Epigenetics of schizophrenia

The epigenetics of schizophrenia is the study of how the inherited epigenetic changes is regulated and modified by the environment and external factors, and how these changes shape and influence the onset and development of, and vulnerability to, schizophrenia. Epigenetics also studies how these genetic modifications can be passed on to future generations. Schizophrenia is a debilitating and often misunderstood disorder that affects up to 1% of the world's population.[1] While schizophrenia is a well-studied disorder, epigenetics offers a new avenue for research, understanding, and treatment.

Background

History

Historically, schizophrenia has been studied and examined through different paradigms, or schools of thought. In the late 1870s, Emil Kraepelin started the idea of studying it as an illness. Another paradigm, introduced by Zubin and Spring in 1977, was the stress-vulnerability model where the individual has unique characteristics that give him or her strengths or vulnerabilities to deal with stress, a predisposition for schizophrenia. More recently, with the decoding of the human genome, there had been a focus on identifying specific genes to study the disease. However, the genetics paradigm faced problems with inconsistent, inconclusive, and variable results. The most recent school of thought is studying schizophrenia through epigenetics.[2]
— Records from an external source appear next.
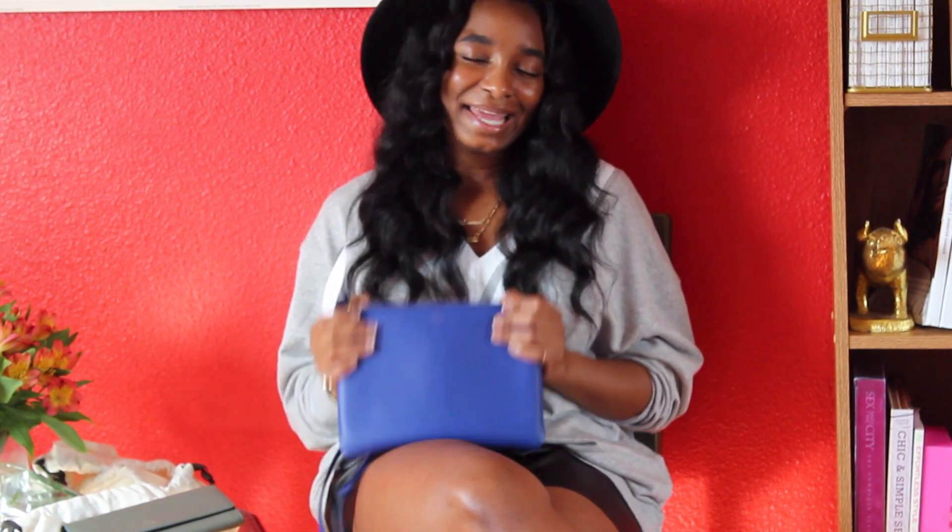Thank you guys for watching. Don't forget to like, rate, and subscribe, and feel free to share. Don't forget to head to chanelfiles.com to get the latest on my style. I'll talk to you guys later, bye!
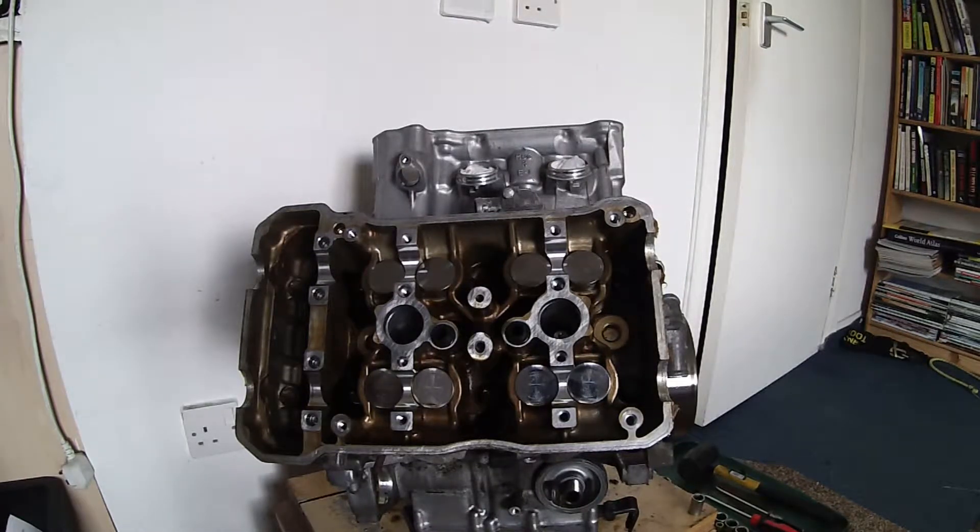Good afternoon ladies and gentlemen, welcome to part six of the VFR 800 engine rebuild series. In this part, what I'm going to be doing is removing the engine cylinder heads.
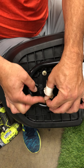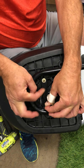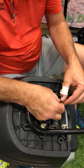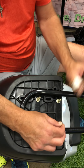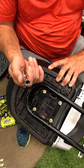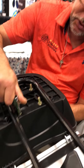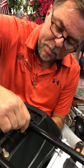I go ahead and finger tighten these down as they're all in position as best as I can. Then I just use this — or you could use any kind of a wrench. That nut is, I believe, a 10 millimeter. I just hold the screw either with a screwdriver or my finger and go ahead and tighten them down.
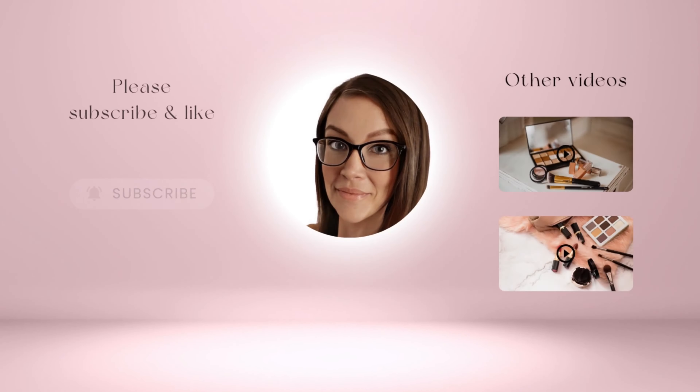I hope you got a lot of inspiration. Remember, everything that I purchased will be linked down below, except for the items that I got at Dollar General. Thank you so much for watching, and I hope you have a great rest of your day.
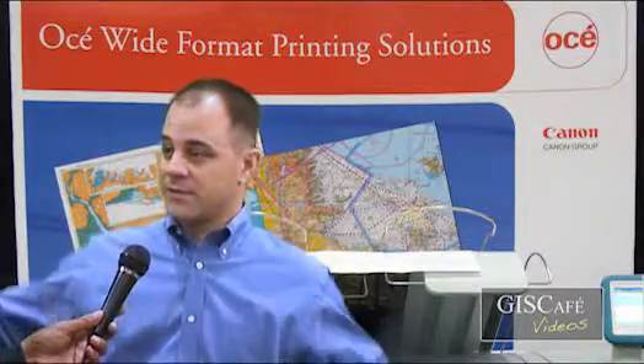That's great. And what is the footprint of the ColorWave 300 versus the 650? The ColorWave 300 prints up to 36 inches wide, so the physical footprint is going to be a little bit wider than that. And on the ColorWave 650, we go up to 42 inches wide, so add a slightly larger or wider dimension to that.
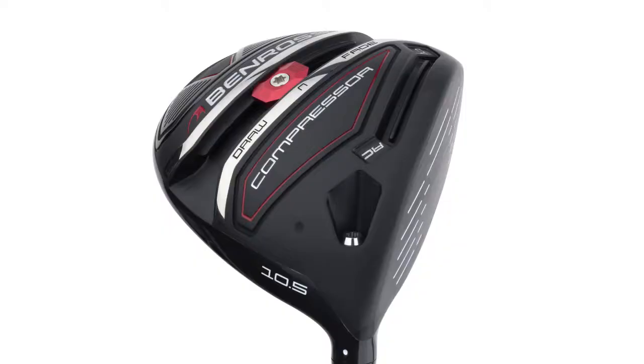On the sole we have an adjustable weight. At the moment I've got it set on its neutral setting, but we can move it across to a more fade bias or a more draw bias, and that's really just going to allow you to tweak this driver and fit it to your game a little bit more accurately.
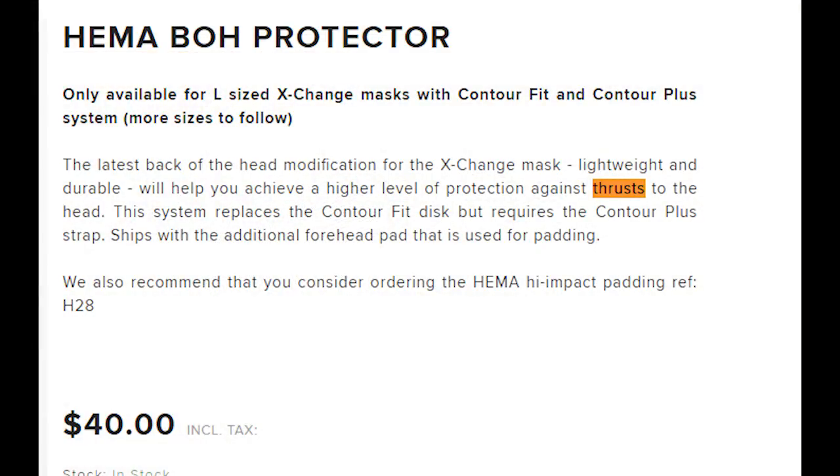Another interesting tidbit I found on the website: it doesn't actually mention that it protects against strikes — it only mentions it increases your protection against thrusts. Which I find a little ironic considering the biggest issue with this is that it creates a gap that makes you more susceptible to injury by a thrust. I thought this one was quite bizarre and probably worth sharing.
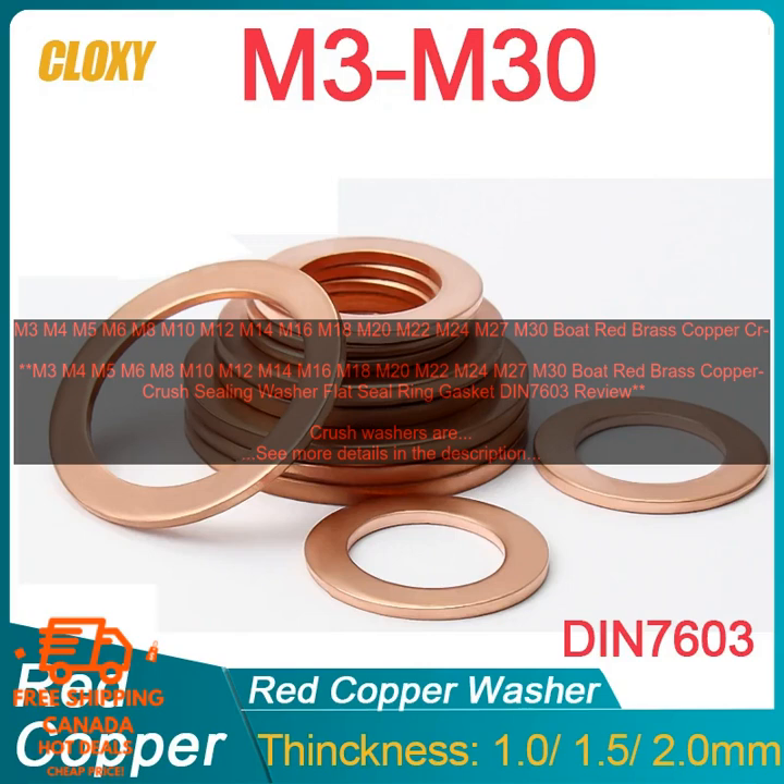Crush washers are a type of gasket that is used to seal threaded connections. They are typically made of copper or brass and are designed to be crushed when the bolt or nut is tightened, creating a tight seal. Crush washers are available in a variety of sizes and can be used on a variety of threaded connections, including bolts, nuts, and studs.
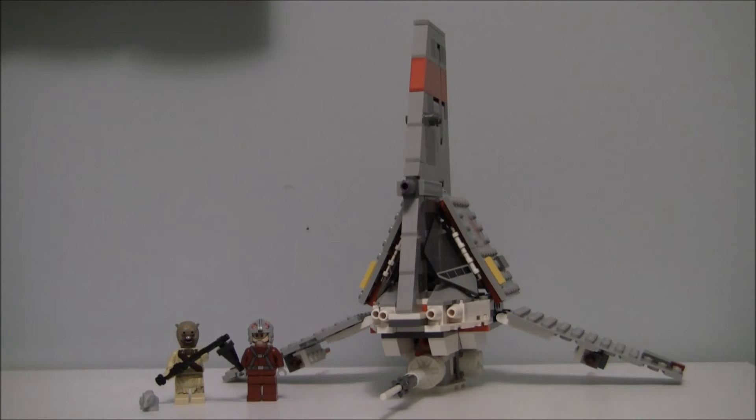Overall, I'm giving this LEGO set a 7 out of 10. Reasons: number one, the stickers. Number two, the fact that it includes a rat. And another thing I don't like is I want a set where all the minifigures can enjoy it. The Tusken Raider can't enjoy a T16 Skyhopper blasting him out of the way, nor the rat. The pilot can enjoy it, but not the other minifigures.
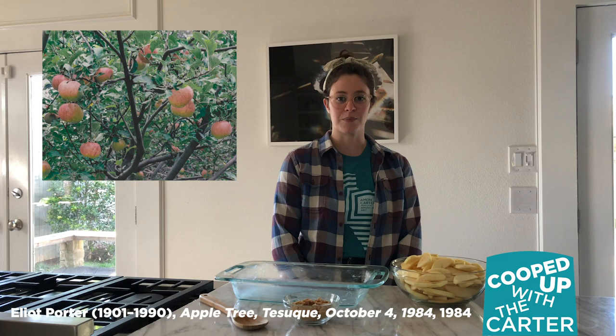Hi, I'm Cheryl with the Carter Museum, and today on Cooped Up with the Carter in the Kitchen, we're going to be making an apple slump cake and looking at Elliot Porter's apple tree from 1984.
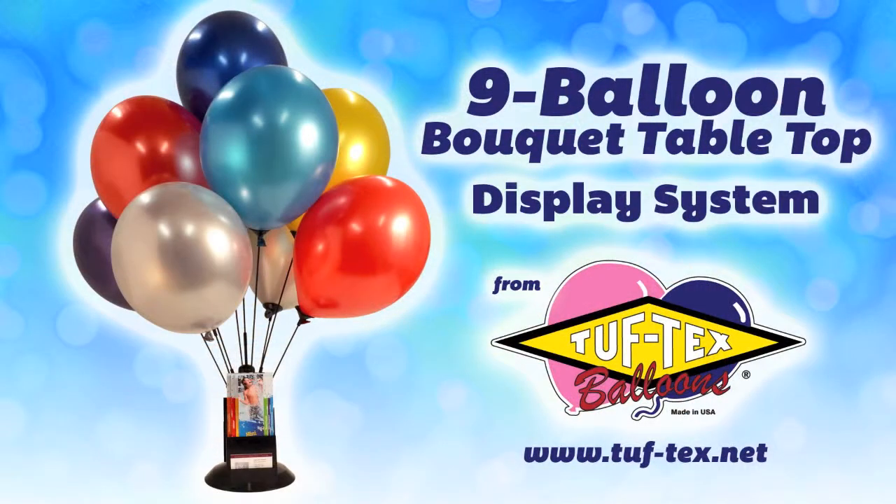Have fun promoting and decorating with the nine balloon bouquet tabletop display systems from Tuf-Tex Balloons. Thank you.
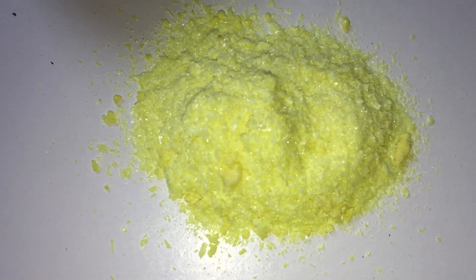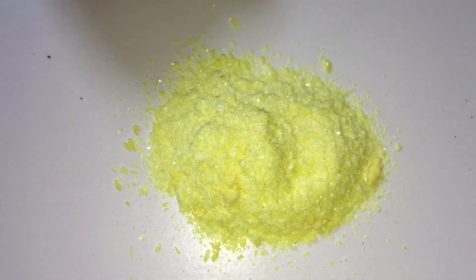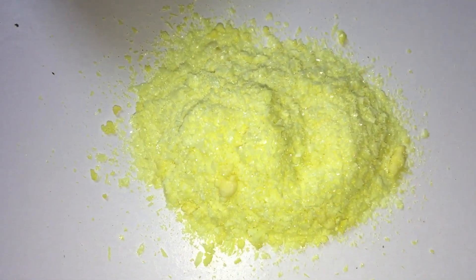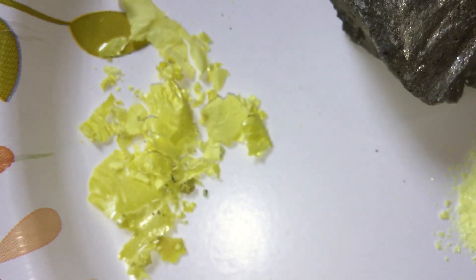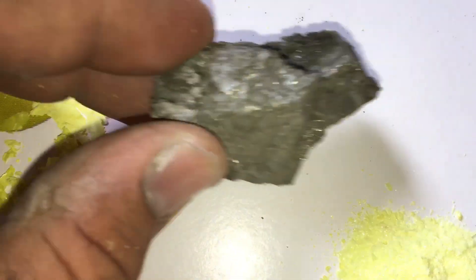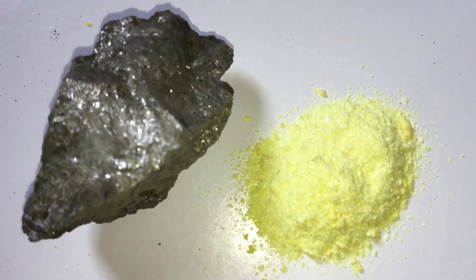Here on the right is some that I recrystallized — I just put the sulfur from the bottle into xylene, which I bought at Menards as paint thinner, heated it up on a hot plate, then let it cool and it recrystallized into these nice sulfur crystals. You can see it looks pretty pure. Over here on the left is some that was not recrystallized — just scrapings from the side of the bottle. And right here is the original iron pyrite, the rock I started with. So I went from that rock to elemental sulfur.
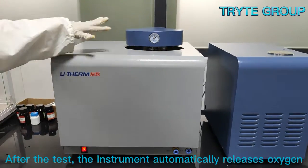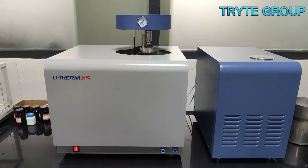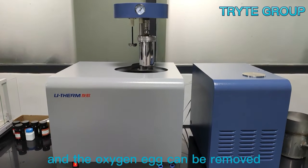After the test, the instrument automatically releases oxygen, the lifting device automatically rises, and the oxygen bomb can be removed to complete the experiment.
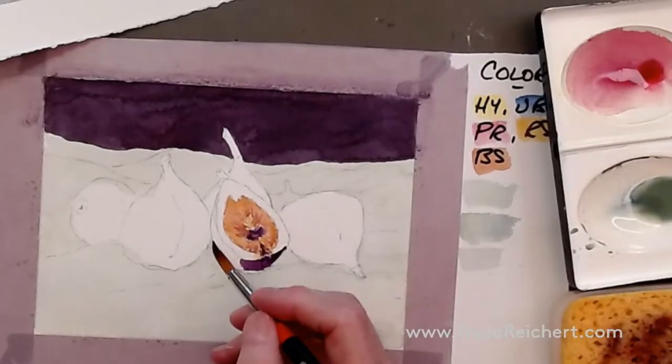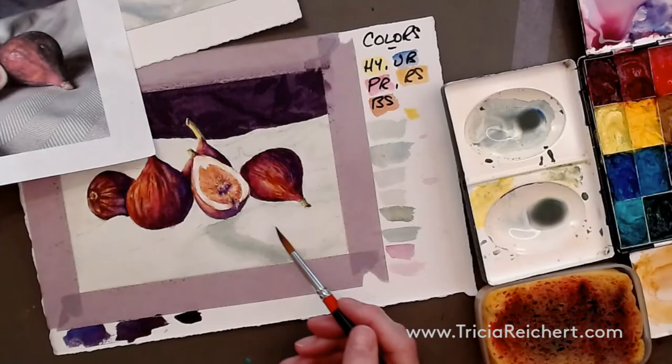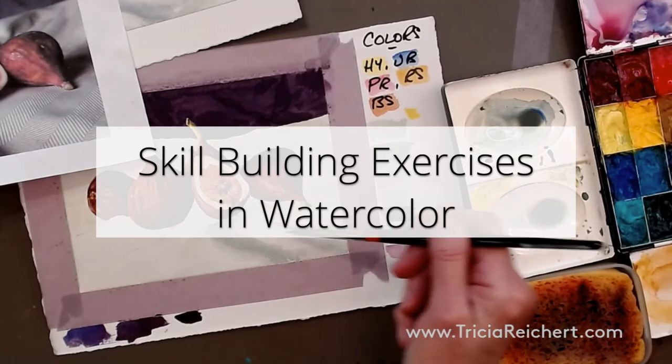I'm going to run that blue-violet into the bottom part of this just a little bit. I'll have a little shadow here and I'm going to soften the edge a little bit.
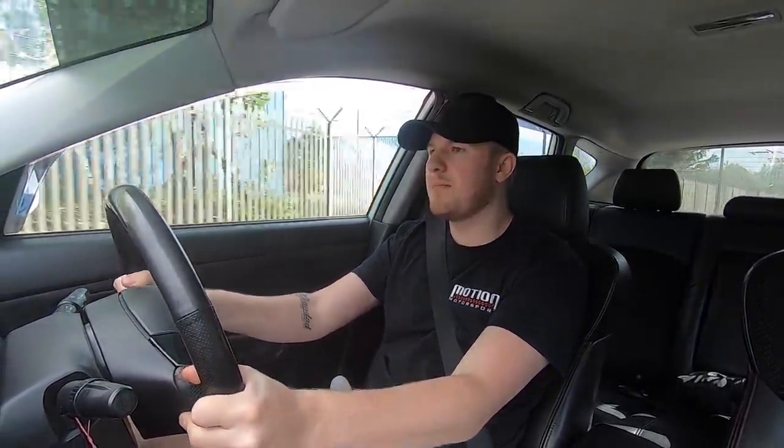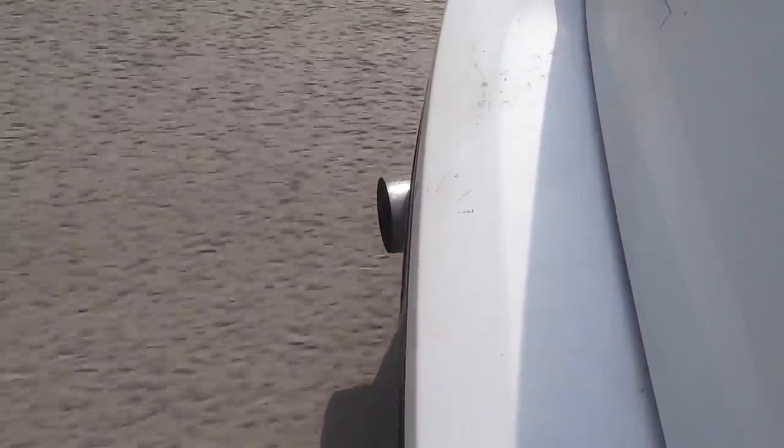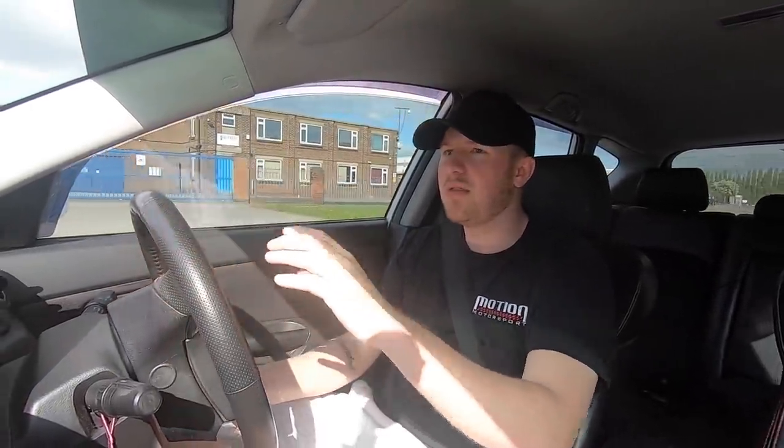Three, two, one. Guys, if this car isn't mapped then it's going to be savage when it gets a map, because if this is how Mazda let them out the factory then these shouldn't really be on the road — that is lethal. That sent me into oncoming traffic, no joke.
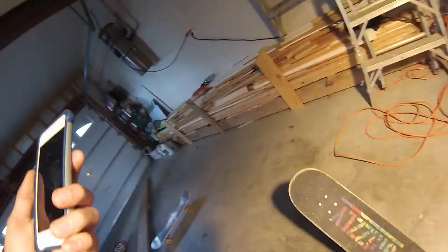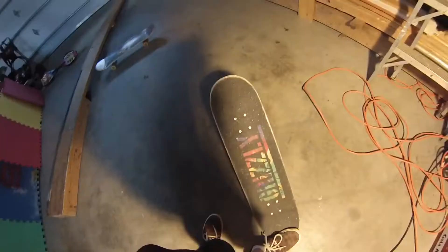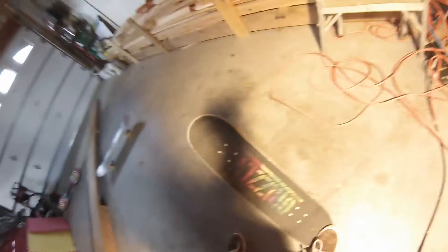The most important part to learning a kickflip is to make sure that you have the flick down. Make sure your flick looks like this. It cannot be like this. People kick down when they first start and that's not how you do it at all. Do not do that.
A visualization of the stress-vulnerability model, also known as the Diathesis-Stress Model

The idea of epigenetics has been described as far back as 1942, when Conrad Waddington described it as how the environment regulated genetics. As the field and available technology has progressed, the term has come to also refer to the molecular mechanisms of regulation. The concept that these epigenetic changes can be passed on to future generations has progressively become more accepted.[3]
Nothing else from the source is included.